Suppose i have list of lists
list_l = [ ['txt1', 'val1'], ['txt2', 'val2'], ['txt1', 'val3'], ['txt1', 'val5'] ]
I want to transform this as dictionary below
dict_result = {'txt1': ['val1', 'val3', 'val5'], 'txt2': ['val2']}
Also there are performance requirements as the original list is from ~800mb of file contents.

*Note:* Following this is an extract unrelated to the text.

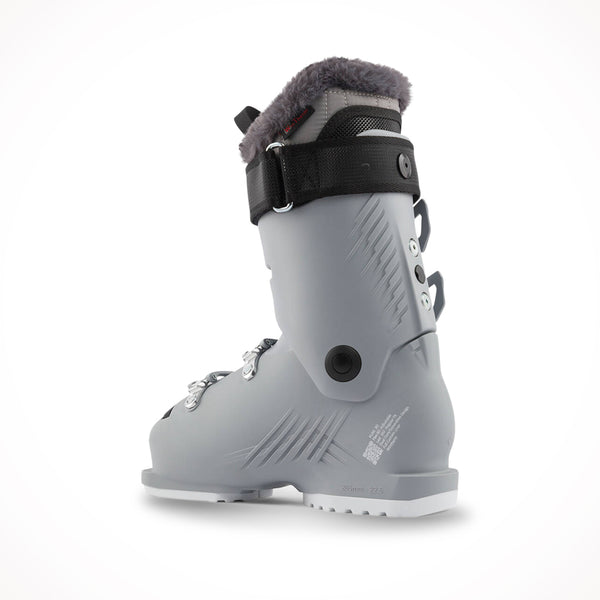 【みーしむ】Rossignol Pure Pro 80 Rossignol Pure Pro 80 Ski Boot (Women's) - YouTube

CodePudding user response:
It's a simple for-loop :
dictionnary = {}
for i in list_l:
if i[0] not in dictionnary:
dictionnary[i[0]] = []
dictionnary[i[0]].append(i[1])
else:
dictionnary[i[0]].append(i[1])
But yeah, for a list of 800mb you should take a look to those librairies like @9769953 told you
CodePudding user response:
as @AxelRozental suggests but utilizing the dictionary pop feature:
dictionary = {}
for i in list:
k = dictionary.pop(i[0], [])
k.append(i[1])
dictionary[i[0]] = k
CodePudding user response:
The defaultdict data structure is the simplest way.

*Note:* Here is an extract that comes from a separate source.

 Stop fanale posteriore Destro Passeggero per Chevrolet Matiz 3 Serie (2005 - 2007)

You can do a single scan in the list and collect incrementally the second element
from collections import defaultdict
list_l = [ ['txt1', 'val1'], ['txt2', 'val2'], ['txt1', 'val3'], ['txt1', 'val5'] ]
out = defaultdict(list)
for k, v in list_l:
out[k].append(v)
# defaultdict(list, {'txt1': ['val1', 'val3', 'val5'], 'txt2': ['val2']})
If the data amount could be critical consider to 'consume' the original list using pop function (as already told)